Many people bark about that particular private company that they would love to buy, yearning for the day that it go public. Until recently, one could simply preach about the vitality of investing in such companies, and could not justify their claims. On September 9, exchangeP went live, perhaps providing these know-it-alls with the necessary ammunition to justify their claims about private companies such as Digg, Facebook, and TechCrunch. In essence, exchangeP is a fantasy stock market for private companies. It relies on what the company calls Consensus Valuations, which are based on the real-time trades of its registered users. Proponents claim that such collective wisdom assures that the valuations are realistic, but the jury is still out on whether this will be the case.
The expert panel at TechCrunch50 offered realistic and constructive criticism to the exchangeP business plan.
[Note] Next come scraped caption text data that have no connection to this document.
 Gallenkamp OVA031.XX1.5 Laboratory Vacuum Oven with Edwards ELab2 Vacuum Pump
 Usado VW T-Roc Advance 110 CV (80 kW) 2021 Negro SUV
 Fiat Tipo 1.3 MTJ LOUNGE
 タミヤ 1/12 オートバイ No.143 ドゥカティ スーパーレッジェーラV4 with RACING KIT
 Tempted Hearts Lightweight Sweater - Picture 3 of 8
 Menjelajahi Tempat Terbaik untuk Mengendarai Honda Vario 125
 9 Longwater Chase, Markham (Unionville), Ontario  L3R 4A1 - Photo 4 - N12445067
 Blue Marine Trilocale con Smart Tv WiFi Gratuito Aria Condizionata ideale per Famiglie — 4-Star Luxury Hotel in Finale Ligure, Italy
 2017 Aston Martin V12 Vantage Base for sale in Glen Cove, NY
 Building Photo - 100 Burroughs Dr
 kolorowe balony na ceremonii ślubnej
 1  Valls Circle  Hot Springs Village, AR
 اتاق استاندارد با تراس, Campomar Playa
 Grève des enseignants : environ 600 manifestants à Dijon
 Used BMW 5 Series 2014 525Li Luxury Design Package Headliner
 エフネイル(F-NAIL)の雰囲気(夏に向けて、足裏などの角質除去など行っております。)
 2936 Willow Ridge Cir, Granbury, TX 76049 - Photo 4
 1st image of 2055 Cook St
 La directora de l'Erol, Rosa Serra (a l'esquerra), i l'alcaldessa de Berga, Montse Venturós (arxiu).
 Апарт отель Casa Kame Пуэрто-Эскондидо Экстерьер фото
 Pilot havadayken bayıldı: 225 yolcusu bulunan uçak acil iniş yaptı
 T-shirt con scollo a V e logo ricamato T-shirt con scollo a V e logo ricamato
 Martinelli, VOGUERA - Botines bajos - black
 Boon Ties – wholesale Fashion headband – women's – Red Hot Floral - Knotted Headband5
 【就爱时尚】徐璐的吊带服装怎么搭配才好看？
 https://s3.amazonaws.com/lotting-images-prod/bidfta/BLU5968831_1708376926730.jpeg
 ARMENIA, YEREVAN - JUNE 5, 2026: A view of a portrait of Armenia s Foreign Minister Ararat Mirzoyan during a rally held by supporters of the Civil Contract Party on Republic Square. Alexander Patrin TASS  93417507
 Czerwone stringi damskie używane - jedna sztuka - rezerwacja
Roelof Botha, a prominent venture capitalist, proposed that the company implement real stakes, more than the cash awards that are currently given to the site’s top traders.
“I think the key question is can you actually have cash at work here? From a consumer point of view, you can take advantage of greed and if you can make real money, people will want to use it. Secondly, people need real money to make it work for realistic valuations,” Botha opined.
ExchangeP determines the companies that will be added to the site’s pretend stock market. If a company were to go bankrupt, go public, or be acquired, exchangeP considers this a Liquidity Event. “A company undergoing a Liquidity Event will continue to trade on exchangeP for 30 days following the event, at which point exchangeP will close out all positions in the company at a price determined by exchangeP based on best available knowledge,” according to the exchangeP website.